Die Ausrichtung der Flüssigkeitskristalle wird heute üblicherweise durch Polymer-Schichten gewährleistet, die auf dem Glas aufgebracht sind. Der Lichtdurchfall soll durch die Transistoren möglichst wenig beeinträchtigt werden, deshalb werden sie auf extrem dünne und transparente Halbleiterscheiben geätzt.

Die Produktion von LCDs ist technologisch schwierig und das bestimmt auch ihren immer noch relativ hohen Preis. In seinem Begleitartikel in Nature schildert Jos van Haaren von den Philips Research Laboratories in den Niederlanden, mit welcher Methode bisher die Moleküle der Kristalle ausgerichtet werden - und das in klinisch wirkenden Produktionsräumen, in denen alle Angestellten Ganzkörperanzüge tragen:

But deep inside the LCD factories, an old, mysterious and dirty process continues to be used to controll the orientation of the liquid crystal molecules, and hence the clarity of the displays. At a crucial point in the production, a velvet cloth wrapped around a roller is rubbed across a surface that in turn aligns the crystals.

Seit langem wird ein besseres Verfahren gesucht, aber bisher hatte sich keines durchsetzen können. Bis zu einer Million Bildpunkte müssen in einem modernen LCD-Bildschirm möglichst genau zu den Polarisationsfiltern ausgerichtet werden, um ein scharfes Bild zu gewährleisten. Nicht zuletzt durch das altmodisch anmutende Verfahren der Molekülausrichtung ist die Produktion extrem fehleranfällig und die Ausschussrate enorm.
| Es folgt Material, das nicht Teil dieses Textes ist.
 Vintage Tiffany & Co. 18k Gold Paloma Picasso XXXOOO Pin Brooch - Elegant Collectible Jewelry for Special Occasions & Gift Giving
Chaudhari und Co. wollen das Samttuch durch einen Ionenstrahl (ion-beam) ersetzen, der kontaktlos das Ausrichten ermöglicht und damit eine sowohl von Staub wie von Fusseln freie Arbeitsumgebung. Zudem wird die Polymerschicht durch eine Diamant-ähnliche-Schicht (DLC, diamond-like carbon) ersetzt. DLCs haben herausragende Eigenschaften wie hohen elektrischen Widerstand, große Härte, gute Wärmeleitfähigkeit und niedrigen Reibungskoeffizient. Deshalb eignen sie sich besonders gut als Schutz- und Wärmeleitschichten auf Halbleitern und verschiedenen anderen Materialien.
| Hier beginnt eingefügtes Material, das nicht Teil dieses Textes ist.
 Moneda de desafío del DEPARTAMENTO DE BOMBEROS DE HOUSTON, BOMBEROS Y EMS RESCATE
Das Zusammenspiel von DLC und Ionenstrahl garantiert bei dem neuen Verfahren, dass die Fehler- und Ausschussquote in der Flüssigkristallanzeigen-Produktion entscheidend gesenkt werden könnte. Das Wissenschaftler-Team hat Prototypen gebaut und zeigt sich zufrieden:

Using this approach we have produced both laptop and desktop displays in pilot-line manufacturing, and found that displays of higher quality and reliability could be made at a lower cost than the rubbing technique.
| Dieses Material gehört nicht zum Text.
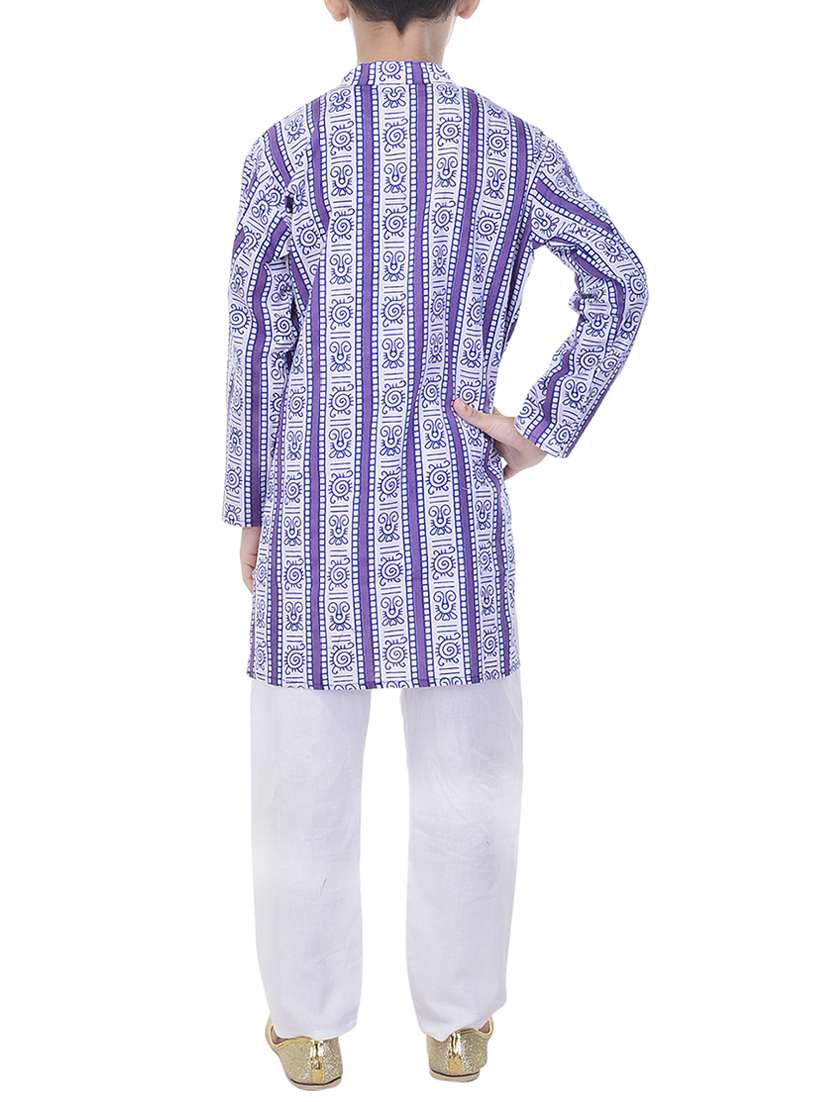 purple cotton kurta set - 14428921 -  Standard Image - 2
Und auch Jos van Haaren ist zuversichtlich: "The results give manufacturers all over the world a new option to consider when building future factories." Weitere Studien und Probephasen werden sicher folgen, bevor Firmen ihre Produktion gemäß den neuen Erkenntnissen umstellen. Aber es geht um einen Riesenmarkt: von den Displays in Uhren, Handys und Taschenrechnern bis zu Computerbildschirmen sind Flüssigkristallanzeigen sehr gefragt. Ein kalifornisches Marktforschungsinstitut sagt den Flachbildschirmen eine Steigerungsrate um 40 Prozent jährlich voraus. Das Haupthindernis für die Konsumenten ist bisher der hohe Preis. Herkömmliche Bildschirme sind bei gleicher Qualität und Größe wesentlich billiger. In den USA sind die Preise für die LCD-Monitore schon stark gefallen und auch in Deutschland haben Überkapazitäten zu günstigeren Angeboten geführt (Vgl. Heise Newsticker:Sinkende LCD-Preise sorgen für Turbulenzen). Das neue Herstellungsverfahren wird voraussichtlich auch die Produktion von großen Flachbildschirmen wesentlich vereinfachen und sie damit für den Endverbraucher günstiger machen.